REQUIRED ACTION:
Quote, word for word, the line containing "New 2026 Hyundai Elantra Limited FWD image 8" and all lines that follow it to the end of the records, with no pictures.

MATERIAL SUPPLIED:

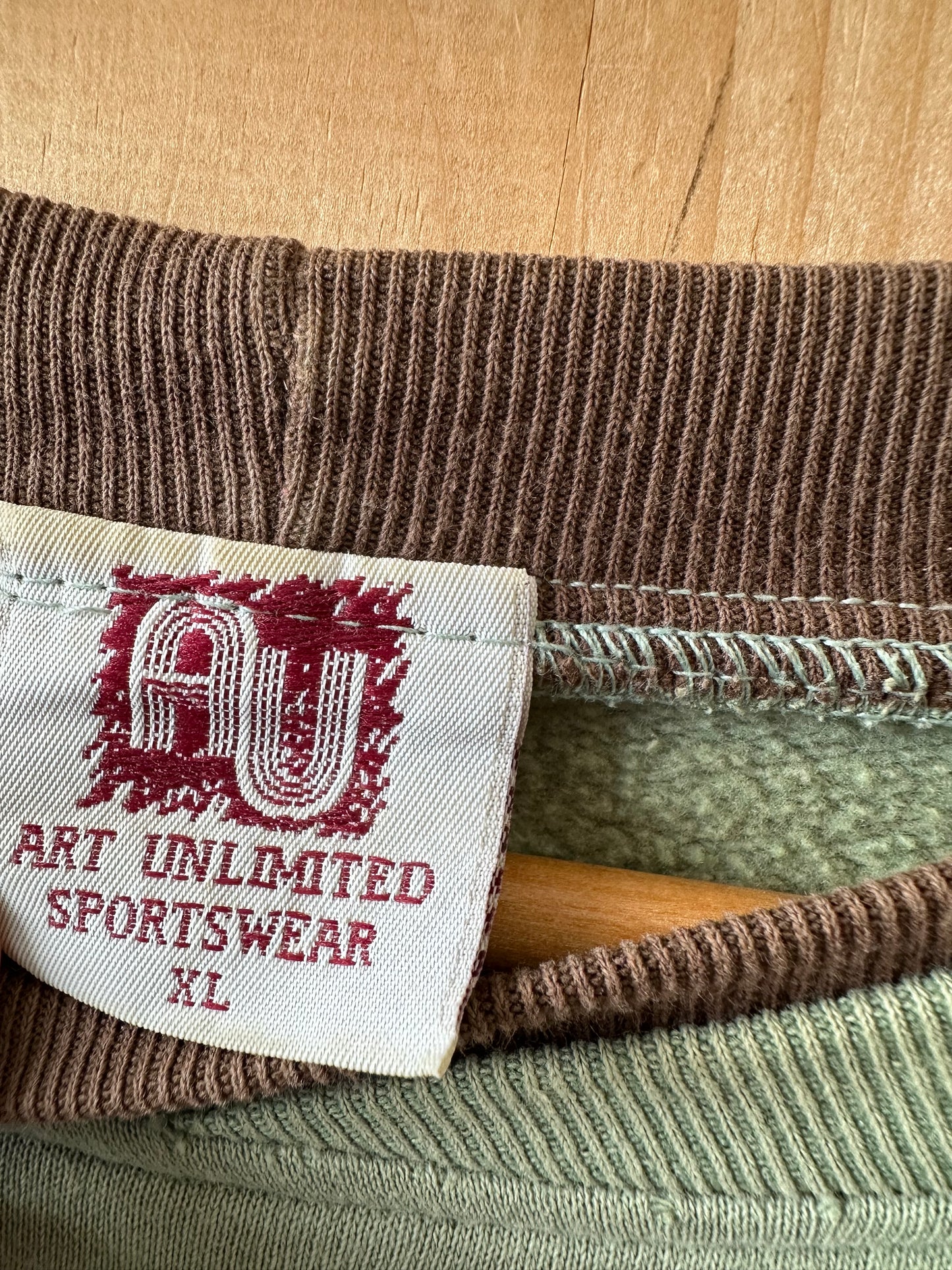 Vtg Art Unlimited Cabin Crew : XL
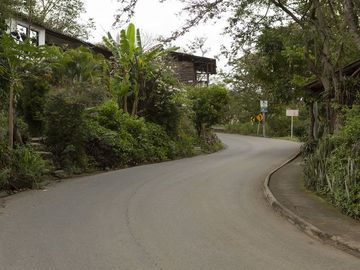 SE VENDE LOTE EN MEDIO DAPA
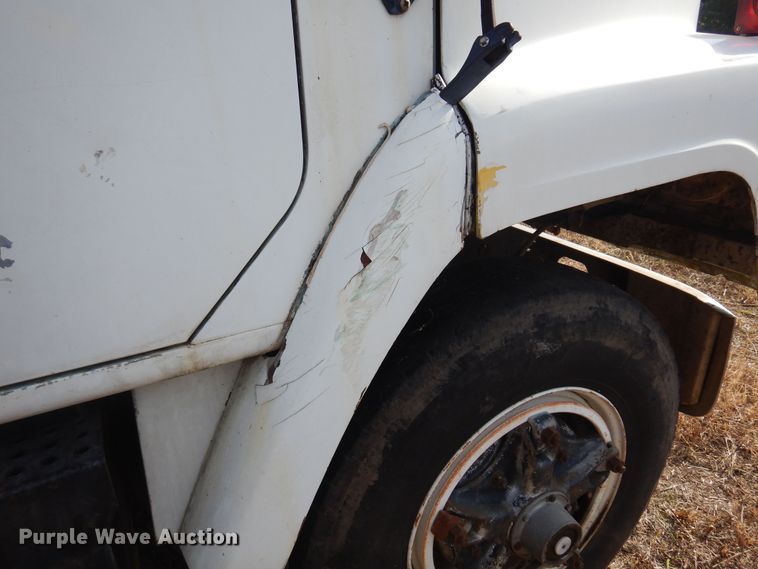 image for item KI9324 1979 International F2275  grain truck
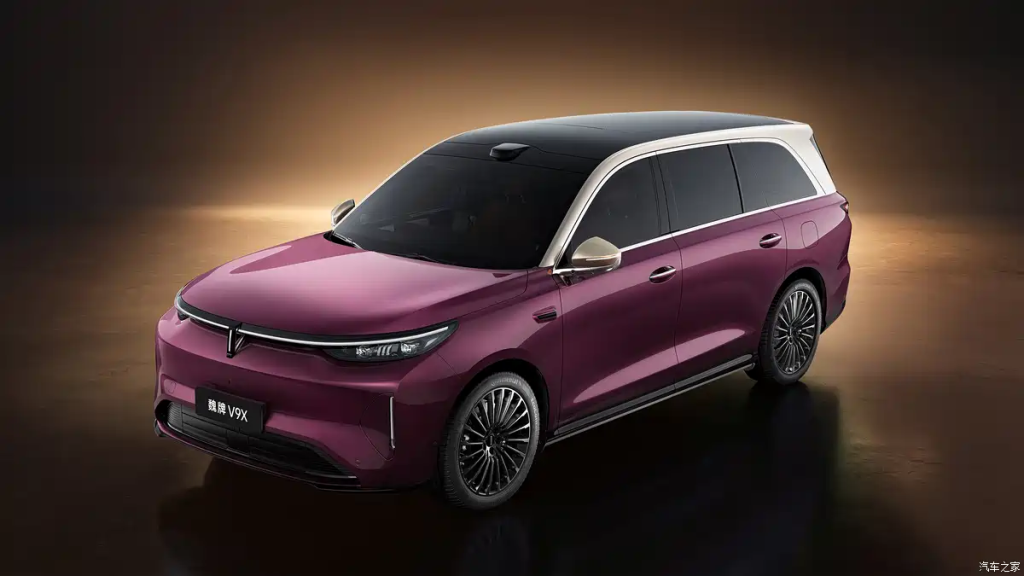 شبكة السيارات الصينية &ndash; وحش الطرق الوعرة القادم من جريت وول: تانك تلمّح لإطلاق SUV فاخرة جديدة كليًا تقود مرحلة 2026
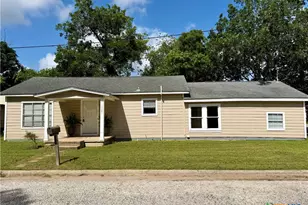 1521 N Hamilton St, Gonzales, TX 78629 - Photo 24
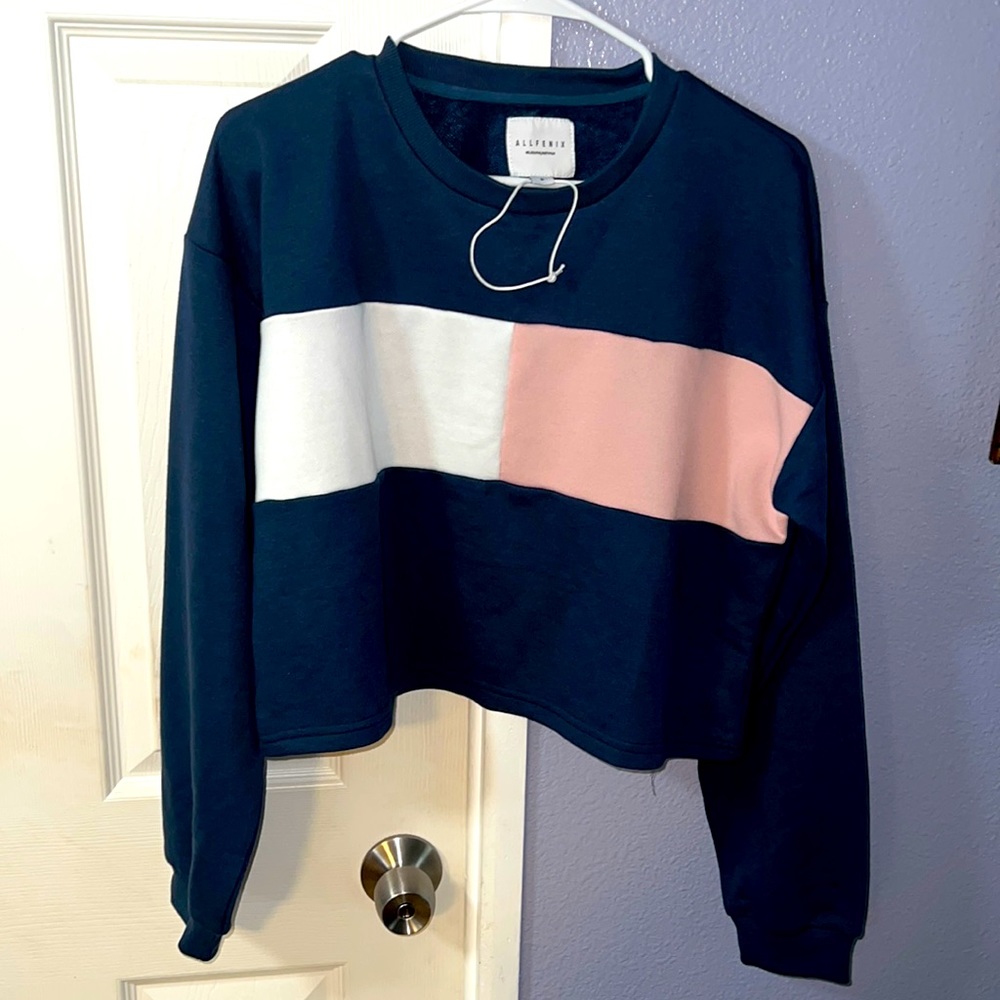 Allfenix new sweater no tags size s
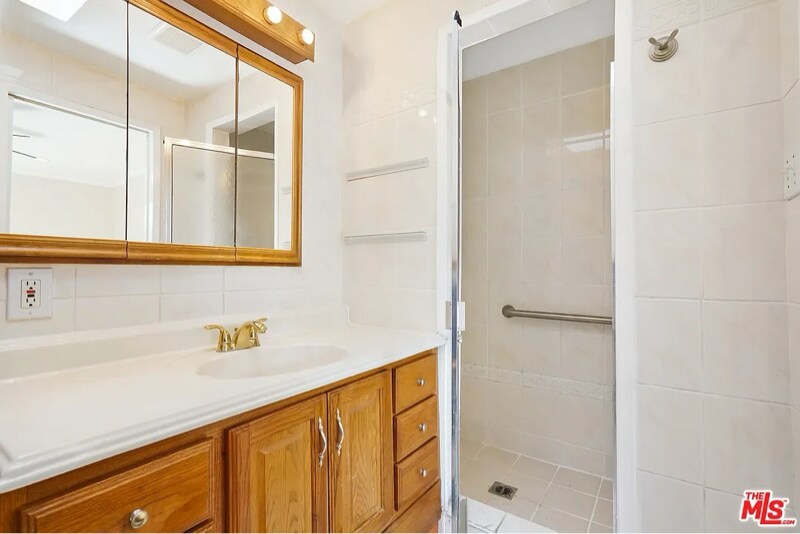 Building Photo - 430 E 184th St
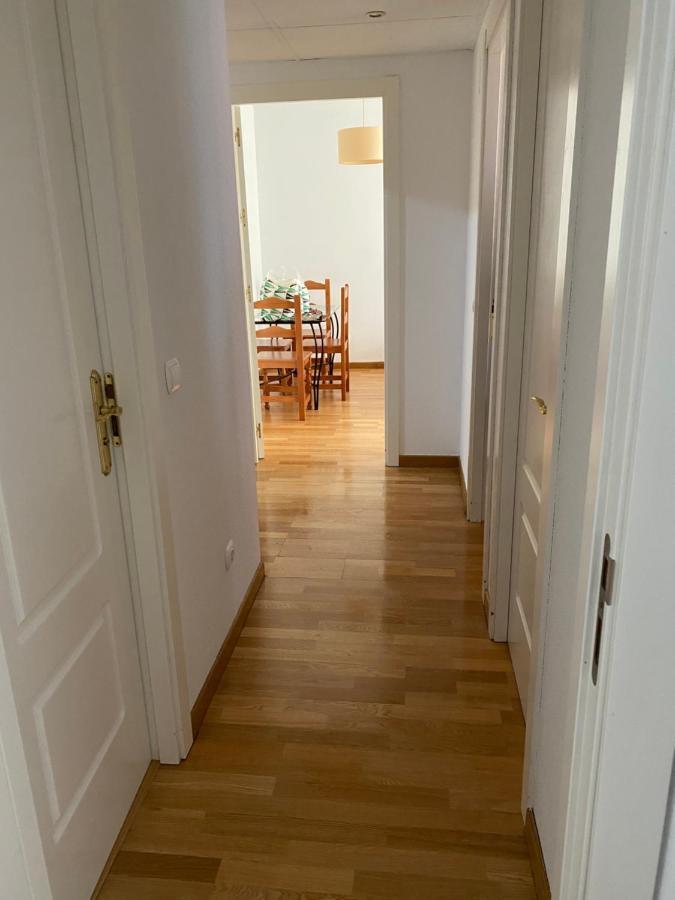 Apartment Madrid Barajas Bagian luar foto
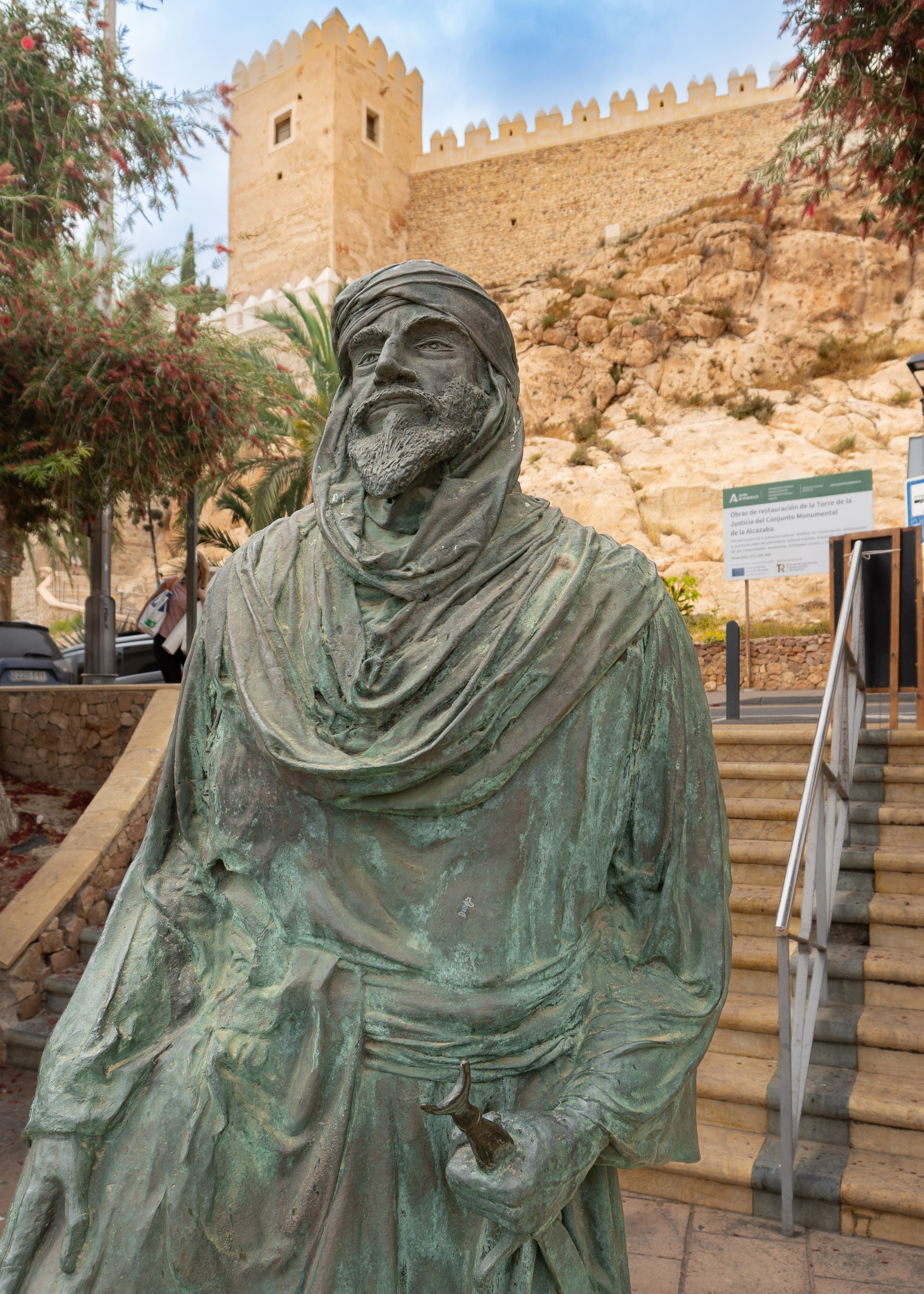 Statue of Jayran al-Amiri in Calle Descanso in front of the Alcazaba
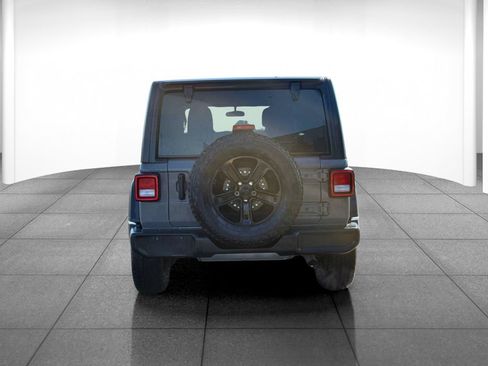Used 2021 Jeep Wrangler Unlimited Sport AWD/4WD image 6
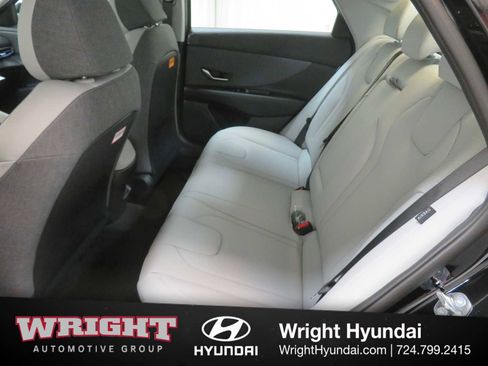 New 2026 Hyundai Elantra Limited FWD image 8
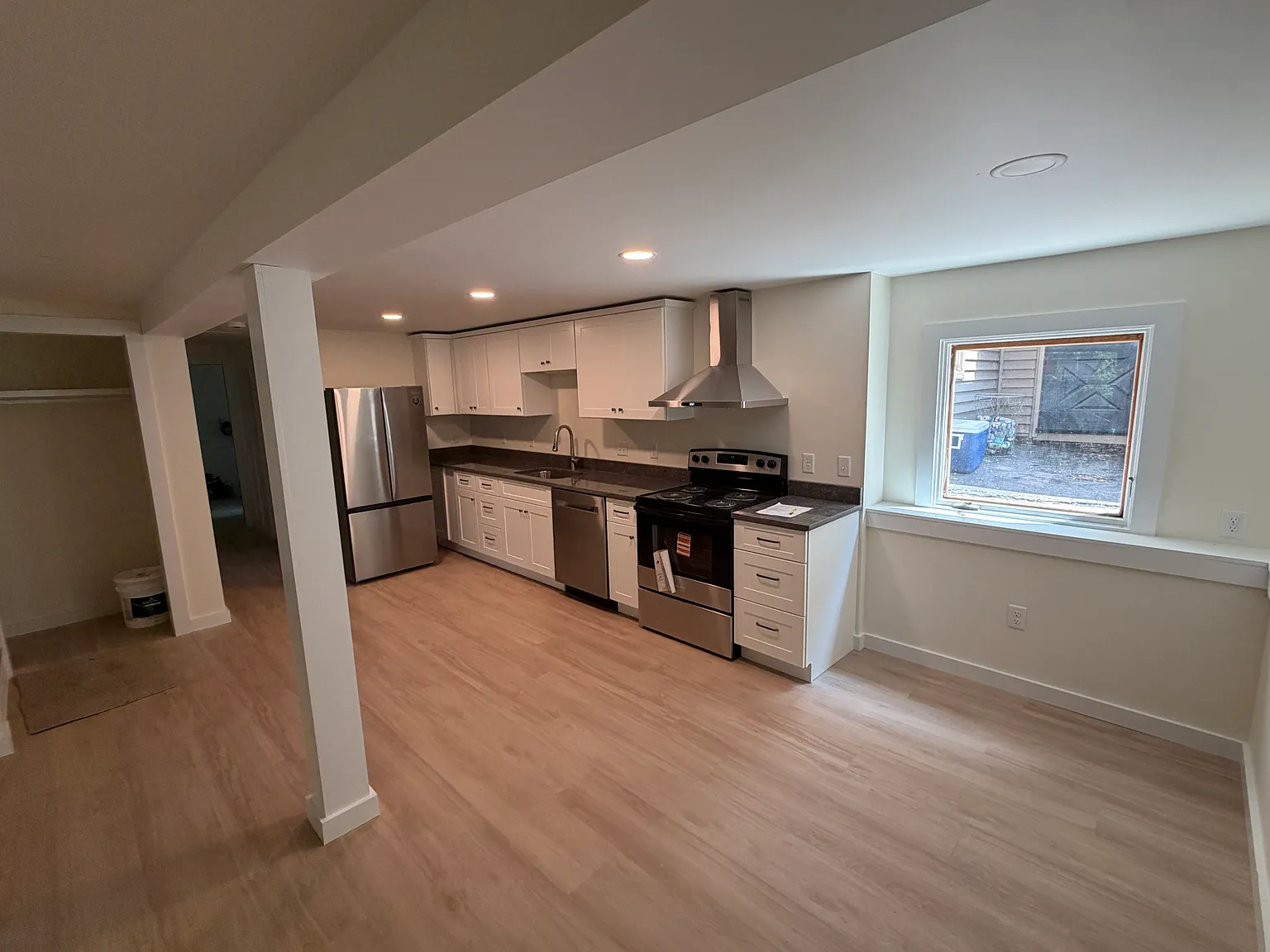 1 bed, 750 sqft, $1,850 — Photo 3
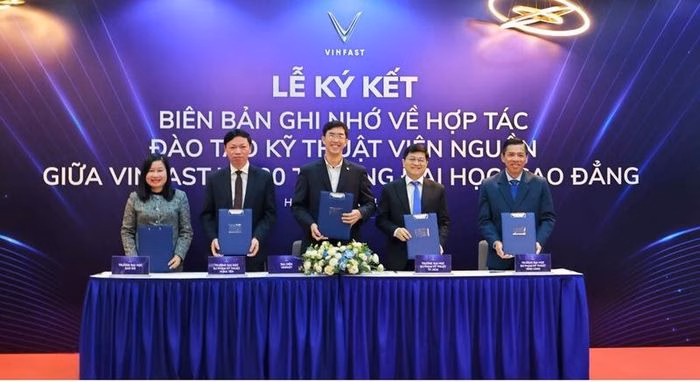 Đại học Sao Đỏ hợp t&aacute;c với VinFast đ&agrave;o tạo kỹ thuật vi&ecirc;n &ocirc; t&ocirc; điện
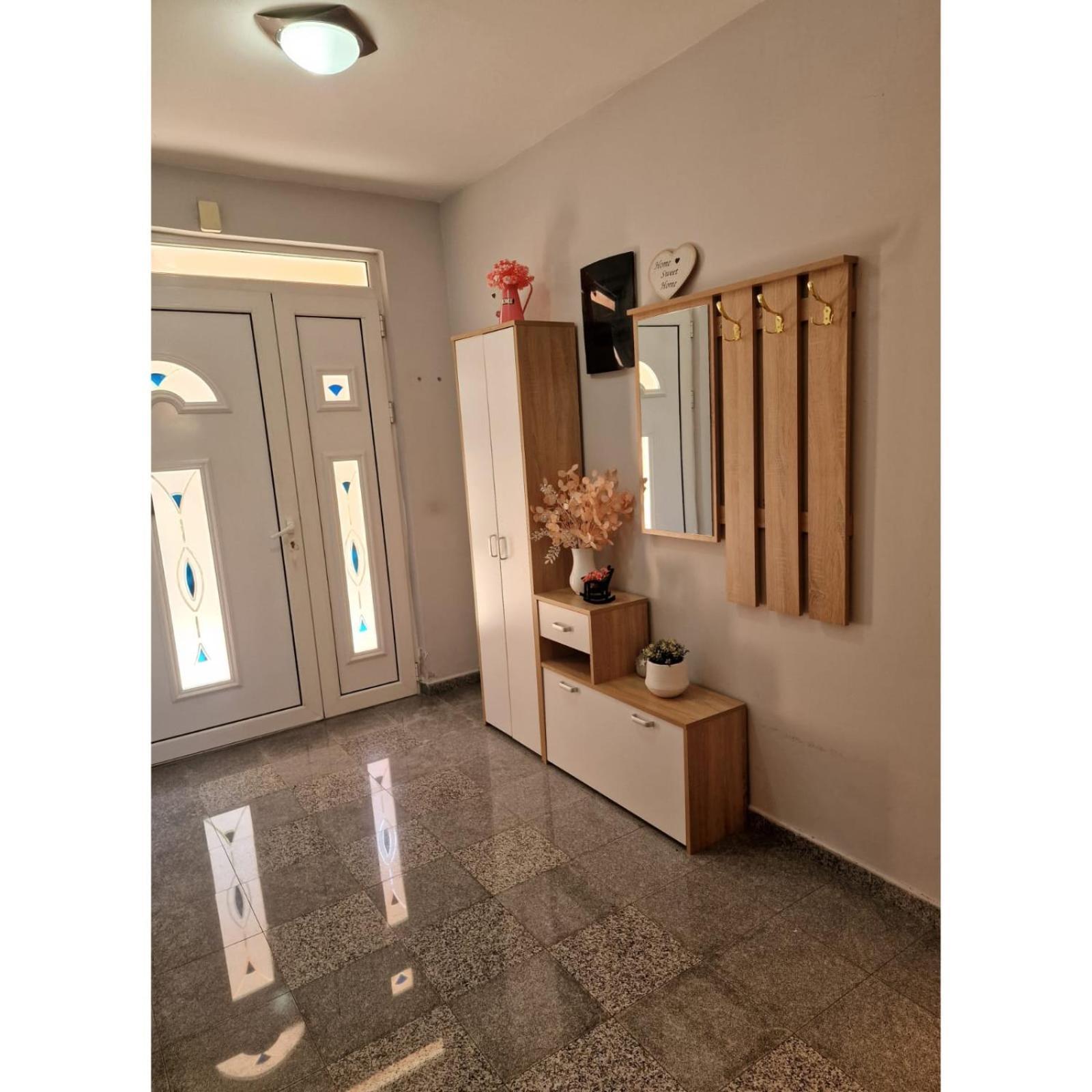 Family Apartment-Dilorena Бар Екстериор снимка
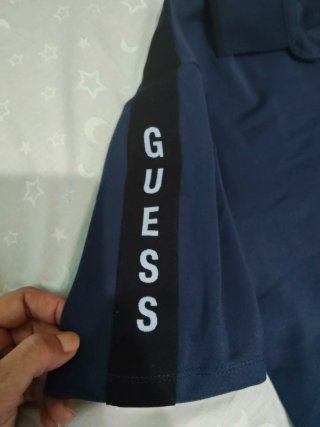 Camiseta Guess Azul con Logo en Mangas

SOLUTION FOR THIS PROBLEM:
 New 2026 Hyundai Elantra Limited FWD image 8
 1 bed, 750 sqft, $1,850 — Photo 3
 Đại học Sao Đỏ hợp t&aacute;c với VinFast đ&agrave;o tạo kỹ thuật vi&ecirc;n &ocirc; t&ocirc; điện
 Family Apartment-Dilorena Бар Екстериор снимка
 Camiseta Guess Azul con Logo en Mangas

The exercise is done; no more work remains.